Paper ID: 1364
Title: Variance Reduced Stochastic Gradient Descent with Neighbors
Current Reviews

Submitted by Assigned_Reviewer_1

Q1: Comments to author(s). First provide a summary of the paper, and then address the following criteria: Quality, clarity, originality and significance. (For detailed reviewing guidelines, see http://nips.cc/PaperInformation/ReviewerInstructions)
Quality This is a solid work that explores the trick of the gradients of neighboring data points to be similar to modify the recently proposed SAGA for SGD. The advantage of the proposed algorithm has been shown both theoretically (in Section 3) and empirically (in Section 4). However, I still think that establishing the neighborhood of the data points from the practical point of view as discussed in the paper could be an issue which could make the computational gain due to the proposed trick not as attractive as it claims.

Clarity Section 3 is not particularly easy to read through and the authors may consider adding some higher level description of the overall ideas before proceeding to the formulations and theorems.

This paper argues for its uniqueness of being able to be run in a streaming mode. This point is not clearly presented with evaluation results in the paper.
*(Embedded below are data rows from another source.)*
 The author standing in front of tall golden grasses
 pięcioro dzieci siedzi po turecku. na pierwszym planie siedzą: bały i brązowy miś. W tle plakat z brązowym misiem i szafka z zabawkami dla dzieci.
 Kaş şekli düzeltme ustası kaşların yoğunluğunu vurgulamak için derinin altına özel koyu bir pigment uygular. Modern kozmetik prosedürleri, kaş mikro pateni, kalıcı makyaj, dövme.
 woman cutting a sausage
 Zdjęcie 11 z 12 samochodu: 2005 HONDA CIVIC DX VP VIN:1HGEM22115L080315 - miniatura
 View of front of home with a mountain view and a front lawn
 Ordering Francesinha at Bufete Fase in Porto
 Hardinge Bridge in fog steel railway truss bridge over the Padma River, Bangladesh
Also, there are some minor typo errors throughout the manuscript. For Eq.(3), should "i \in N_j" be "j \in N_i" instead?

Originality The trick of exploring the neighborhood is a reasonable extension of SAGA.

Significance Its significance lies on the point that the proposed enhancement is a reasonable one and is carefully studied theoretically and empirically with promising results as reported in the paper.
Q2: Please summarize your review in 1-2 sentences
The paper proposed some enhanced versions of SGD by updating the gradients of also the neighboring data points with the objective to speed up the convergence. The proposed algorithm and its variants can perform better than the recently proposed SAGA.

Submitted by Assigned_Reviewer_2

Q1: Comments to author(s). First provide a summary of the paper, and then address the following criteria: Quality, clarity, originality and significance. (For detailed reviewing guidelines, see http://nips.cc/PaperInformation/ReviewerInstructions)


NeighborhoodWatch is a existing algorithm for partial monitoring problems. Consider changing the title.

The plots are illegibly small.

Q2: Please summarize your review in 1-2 sentences
The paper presents a new method for reducing variance in stochastic gradient descent, making use of stored gradients for close-by data points. The paper provides theoretical guarantees which come with a quantitative neighborhood assumption, of which it is not clearly argued that it will typically obtain. The method is evaluated on real-world data where it is shown to be competitive with the state-of-the-art competitor SAGA.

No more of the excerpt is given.